A cross-sectional study on homesickness among the first year medical students of a medical college in South India

 

Sudhir B Nelson1, Vishnu G Ashok2*, Gleffi Bensher3, Getsy Benita4

 

1,2Assistant Professor, 3,4Intern, Department of Community Medicine, Sree Mookambika Institute of Medical Sciences, Kulasekaram-629161, INDIA.

Email: vishnusastha@gmail.com

 

Abstract               Background: India’s education levels are improving and an increasing number of students are leaving the comforts of their home to pursue a higher education. The transition to college can be an exciting new experience, but intense homesickness can create a difficult or even unsustainable situation. Despite various efforts, counselling centres is still not a norm in most institutes in the country. Majority of the students in a medical college are from distant places. Thus they may be susceptible to homesickness. Objective: To study the prevalence of homesickness and factors influencing it among first year medical students was undertaken in a medical college situated in south India.
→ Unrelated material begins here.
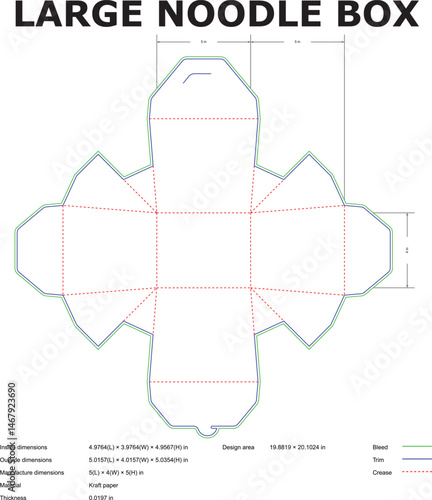 Blueprint template of a large noodle box layout with detailed dimensions and measurement guides for packaging design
Materials and Methods: A cross-sectional study was carried out among the first year MBBS students Between January- February 2017. A modified version of the Homesickness Questionnaire (HQ) initially developed by Archer et al was used to measure homesickness. 93 students residing in the hostel were included in the study. Results: In our study, age of the participants ranged from 17 to 20 years and there were 54 (58.1%) female students and 39 (41.9%) male students. Out of the 93 students 87 i.e. 93.55% were homesick. Among the students who are homesick, a majority of them, i.e. 58 students (66.66%) were moderately homesick. Higher age i.e. 19 and 20 years was significantly associated with homesickness (p-value < 0.001). Students whose family is situated more than 500 km were more likely to be homesick (p-value < 0.001). There was a weak, but significant negative correlation between homesickness and academic performance. (r = 0.335 and p-value < 0.001). Conclusion: Prevalence of Homesickness is quite high among first year medical students and it has a negative impact on Academic performance. There is urgent need for remedial measures including setting up of student counselling centres in all medical colleges.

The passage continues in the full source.